When I first trained this transformer from scratch, it could continue text but it couldn't follow instructions or reason. That's what post-training fixes. This docs/ folder walks through the whole journey I built on top of the base model — every stage written from scratch in plain PyTorch (no trl, no peft, no transformers), trained on real public datasets, and runnable on a single GPU or scaled across multiple GPUs with DDP.

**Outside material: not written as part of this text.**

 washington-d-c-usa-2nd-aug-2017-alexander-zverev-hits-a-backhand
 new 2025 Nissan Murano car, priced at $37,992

The pipeline mirrors how modern aligned/reasoning models are actually built:

Post-training pipeline

Mermaid source (live, editable)
flowchart TD
    PILE([The Pile<br/>9.8B tokens]):::data --> PRE{{Pretrain<br/>~400M base}}:::model
    PRE --> BASE[(base_pretrained.pt)]:::ckpt
    BASE --> SFT{{SFT<br/>Alpaca · Dolly · GSM8K}}:::model
    SFT --> SFTCK[(sft.pt)]:::ckpt
    SFTCK --> RM{{Reward Model<br/>Bradley-Terry}}:::rl
    SFTCK --> DPO{{DPO / ORPO / KTO<br/>preference}}:::rl
    RM --> RMCK[(reward.pt)]:::ckpt
    RMCK -->|reward signal| PPO{{PPO<br/>GAE + clip + KL}}:::rl
    SFTCK --> PPO
    SFTCK --> GRPO{{GRPO / RLVR<br/>group-relative}}:::rl
    PPO --> EVAL([GSM8K eval<br/>+ chat / inference]):::eval
    DPO --> EVAL
    GRPO --> EVAL
    classDef data fill:#d6ffd9,stroke:#27ae60,stroke-width:2px,color:#143d1a;
    classDef model fill:#ffe8a3,stroke:#d48806,stroke-width:2px,color:#5a3d00;
    classDef rl fill:#ffd9b3,stroke:#e67e22,stroke-width:2px,color:#6b3500;
    classDef ckpt fill:#eeeeee,stroke:#555555,stroke-width:2px,color:#222;
    classDef eval fill:#e8d6ff,stroke:#8e44ad,stroke-width:2px,color:#3d1a5a;

The stages, in order

# Stage What it teaches the model Doc
1 Pretraining language itself (next-token prediction on the Pile) 02_pretraining.md
2 SFT to follow instructions & produce the <think>/<answer> format 03_sft.md
3 Reward Model to score which answer humans prefer 04_reward_model.md
4 DPO / ORPO / KTO to prefer better answers without an RL loop 05_dpo.md
5 PPO to maximize a reward (RM or verifier) with the classic RLHF loop 06_ppo.md
6 GRPO / RLVR to reason, using verifiable rewards (DeepSeek-R1 style) 07_grpo.md
Data pipeline how every dataset above is downloaded & preprocessed 01_data_pipeline.md
Evaluation how I measure GSM8K accuracy across all stages 08_evaluation.md
Inference / chat how to actually talk to any checkpoint 09_inference.md

The one design rule: wrap, don't rewrite

Everything here sits on top of the original Transformer. I changed the educational model in exactly one place — I added a forward_hidden method that returns the final hidden states the lm_head consumes. Every post-training head (a value head for PPO, a scalar reward head for the reward model) and every RL log-prob computation composes around that one method, so the from-scratch model you already understand stays intact.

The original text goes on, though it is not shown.